# What the task asks:
Every line of the records must be repeated exactly; pictures stay out.

# Supplied information:
--------------------

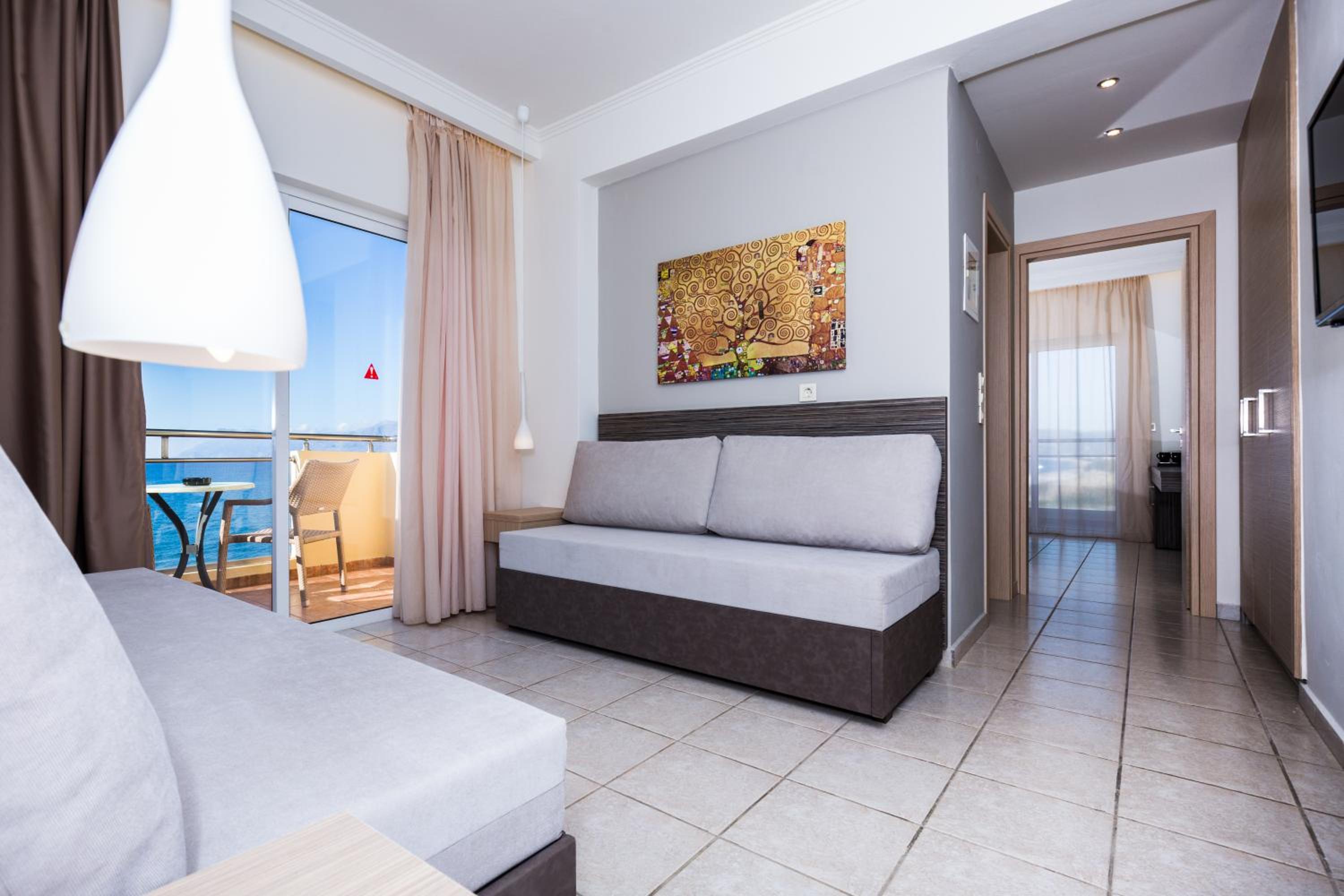 Junior Suite | Front Sea View - Photo 1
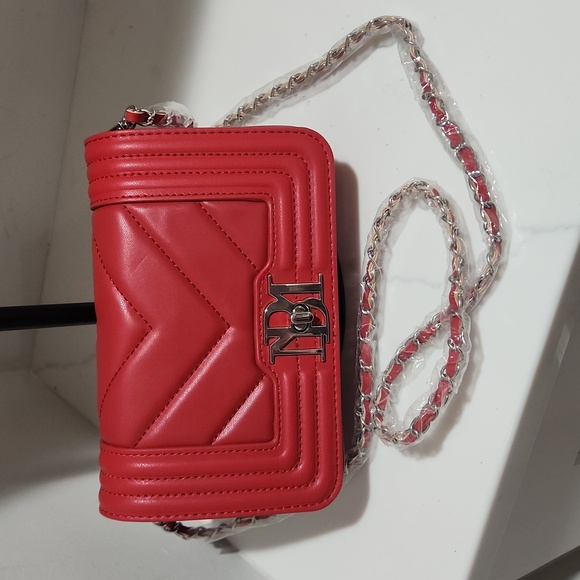 Badgley Mischka crossbody NWT - Picture 4 of 10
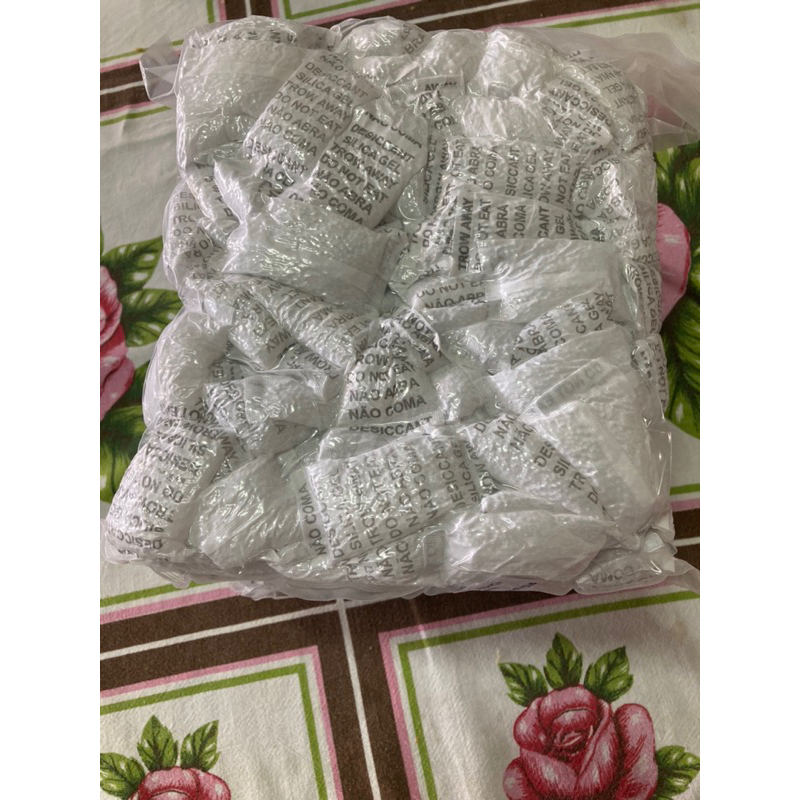 Sílica Gel pacote com 250 unidades. cada pacotinho contém 10g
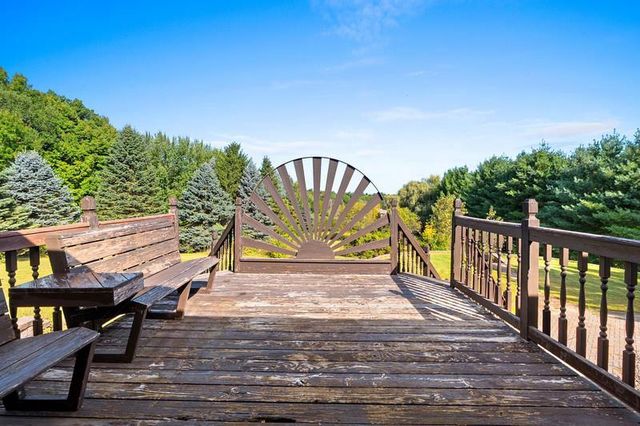 W8136 SANDY LANE, Hortonville, WI 54944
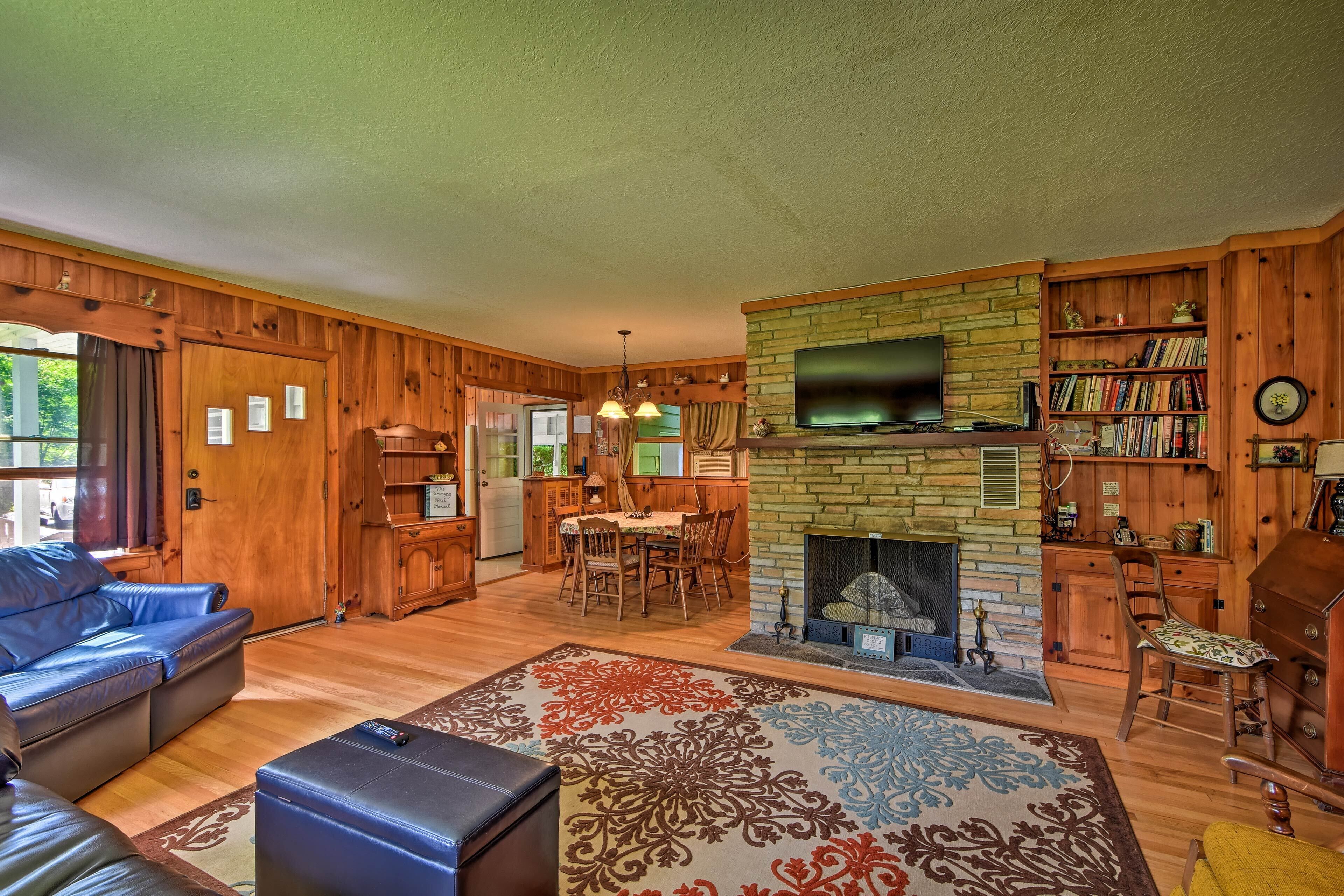 'rolling Acres' Highlands Cabin w/ Fire Pit!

--------------------

# Response to the exercise:
 Junior Suite | Front Sea View - Photo 1
 Badgley Mischka crossbody NWT - Picture 4 of 10
 Sílica Gel pacote com 250 unidades. cada pacotinho contém 10g
 W8136 SANDY LANE, Hortonville, WI 54944
 'rolling Acres' Highlands Cabin w/ Fire Pit!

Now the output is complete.